(di Elisabetta Tosi) Il Recioto della Valpolicella e quello di Soave avranno presto un santo protettore tutto per loro, caso più unico che raro nel panorama enologico italiano e internazionale. Sarà Flavio Magno Aurelio Cassiodoro Senatore, prefetto del Pretorio tra il 5 e il 6 secolo d.C. alla corte del re ostrogoto Teodorico il Grande, grande cantore dei due noti vini dolci veronesi. L’annuncio è stato fatto a margine del convegno “Recioto, illustre antenato di un mondo di….vino” tenutosi in questi giorni presso la sede dell’Accademia di Agricoltura Scienze e Lettere di Verona.

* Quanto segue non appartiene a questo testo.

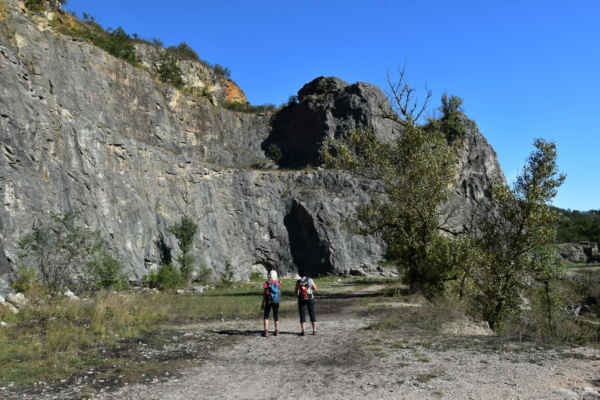Šestý den - Přes Čertovy schody s Kobylou do Alkazaru - Skalní masiv Levý amfiteátr, střední etáž pravá část.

“Ho ricevuto dal postulatore per le cause dei santi presso la Santa Sede la notizia che la pratica per la canonizzazione di Cassiodoro è stata avviata” ha dichiarato il relatore del convegno Lorenzo Simeoni (secondo da destra, nella foto qui sotto), sommelier e studioso della storia dei vini veronesi; proprio nel 2017 aveva ricevuto dal Presidente della Repubblica Sergio Mattarella la medaglia di Cavaliere dell’Ordine al Merito, per il suo impegno nella ricerca sulle origini della viticoltura e del recupero delle antiche tecniche di produzione del vino.
Dopo i saluti introduttivi del presidente emerito dell’Accademia, dell’Assessore del Comune di Verona Filippo Rando e di mons. Giuseppe Zenti vescovo di Verona, Simeoni ha tenuto un interessante excursus sulla storia e la fortuna nei secoli dei due Recioto veronesi, ribadendo come si tratti di due vini antichissimi, risalenti almeno a 2500 anni fa, la cui tecnica di produzione – l’appassimento in locali chiusi come i fruttai, piuttosto che su graticci all’aperto come accade ancora oggi in molte zone del Sud Italia – venne introdotta nientemeno che dai Reti, una popolazione di origine etrusca stanziatasi nelle valli veronesi prima dei Romani.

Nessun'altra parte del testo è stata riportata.